#### Problem to work on
From the material below, return exactly the lines starting at the one that holds "Step two is" and ending at the one that holds "Therefore, we can". Pictures stay out of the answer.

Segment Start: Supplied entries

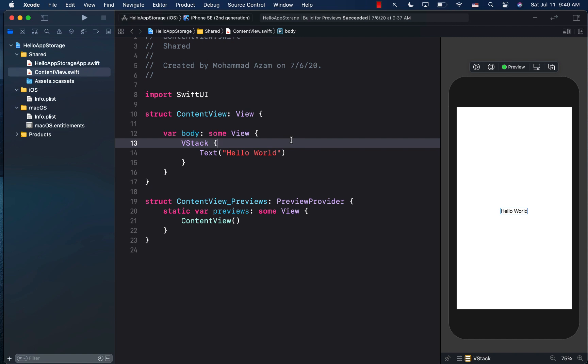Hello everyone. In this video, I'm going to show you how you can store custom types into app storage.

Segment End: Supplied entries
Segment Start: Supplied entries

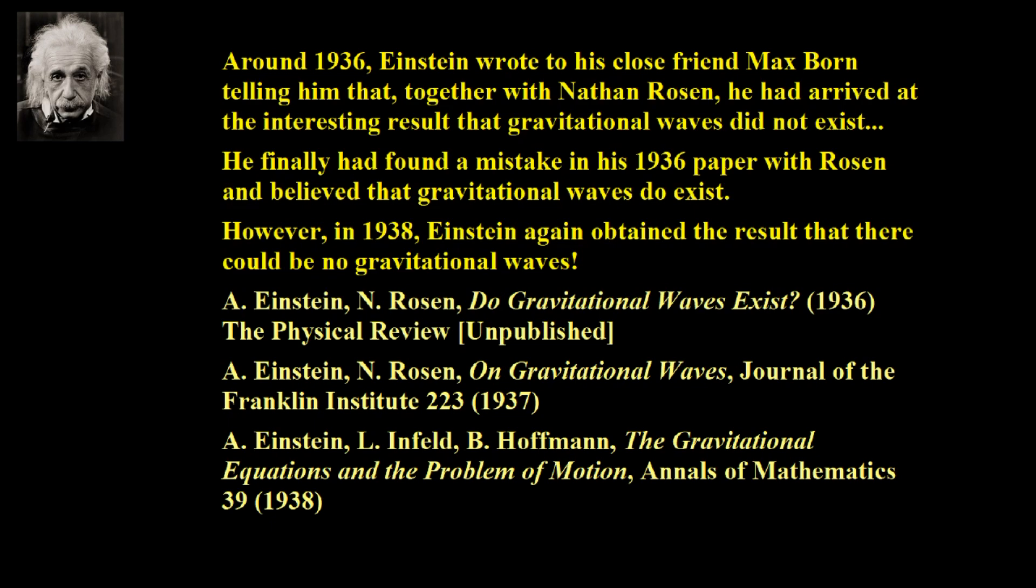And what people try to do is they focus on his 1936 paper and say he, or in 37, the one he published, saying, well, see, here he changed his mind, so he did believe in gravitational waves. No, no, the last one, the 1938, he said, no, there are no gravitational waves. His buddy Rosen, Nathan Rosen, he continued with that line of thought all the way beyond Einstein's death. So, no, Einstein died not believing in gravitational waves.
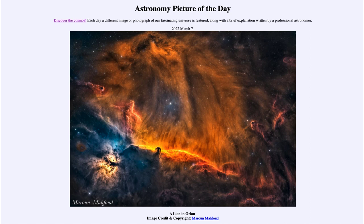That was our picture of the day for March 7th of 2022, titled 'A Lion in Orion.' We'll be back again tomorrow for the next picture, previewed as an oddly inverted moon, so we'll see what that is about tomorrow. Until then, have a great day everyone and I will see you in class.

Segment End: Supplied entries
Segment Start: Supplied entries

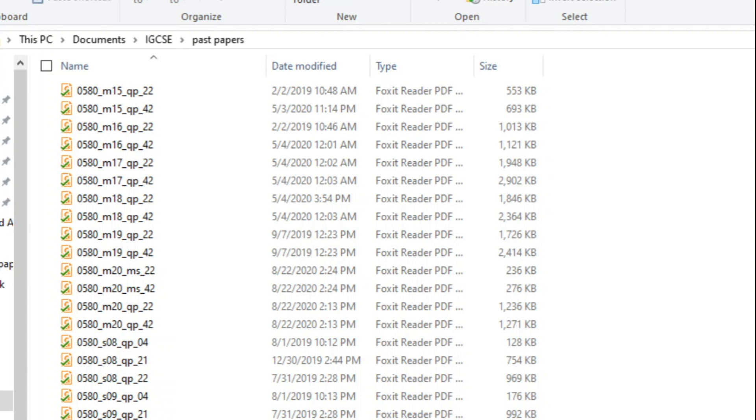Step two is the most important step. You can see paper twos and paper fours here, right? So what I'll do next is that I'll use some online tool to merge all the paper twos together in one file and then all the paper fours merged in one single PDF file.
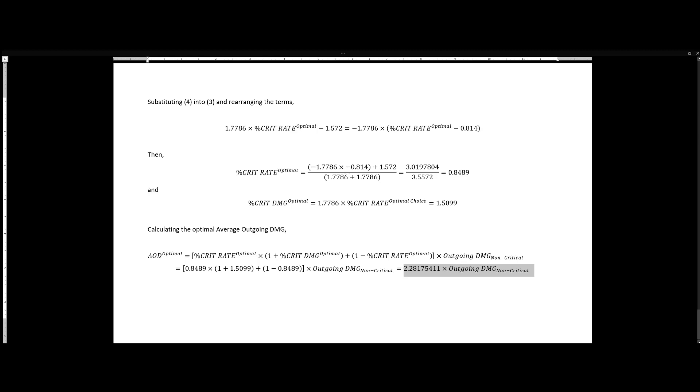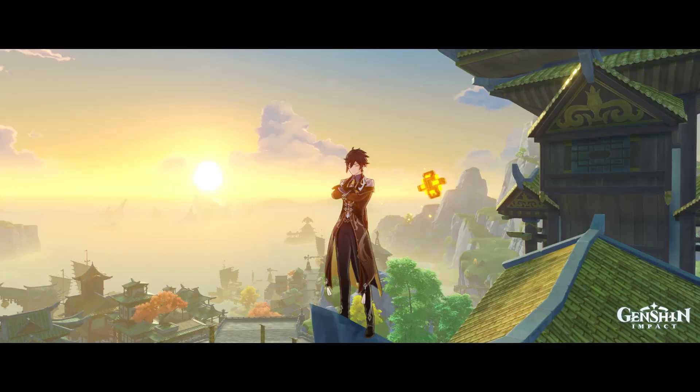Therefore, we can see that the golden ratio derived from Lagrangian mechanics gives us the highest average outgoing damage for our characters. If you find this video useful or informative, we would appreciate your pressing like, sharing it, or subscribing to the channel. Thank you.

Segment End: Supplied entries

#### Result of the task
Step two is the most important step. You can see paper twos and paper fours here, right? So what I'll do next is that I'll use some online tool to merge all the paper twos together in one file and then all the paper fours merged in one single PDF file.
Therefore, we can see that the golden ratio derived from Lagrangian mechanics gives us the highest average outgoing damage for our characters. If you find this video useful or informative, we would appreciate your pressing like, sharing it, or subscribing to the channel. Thank you.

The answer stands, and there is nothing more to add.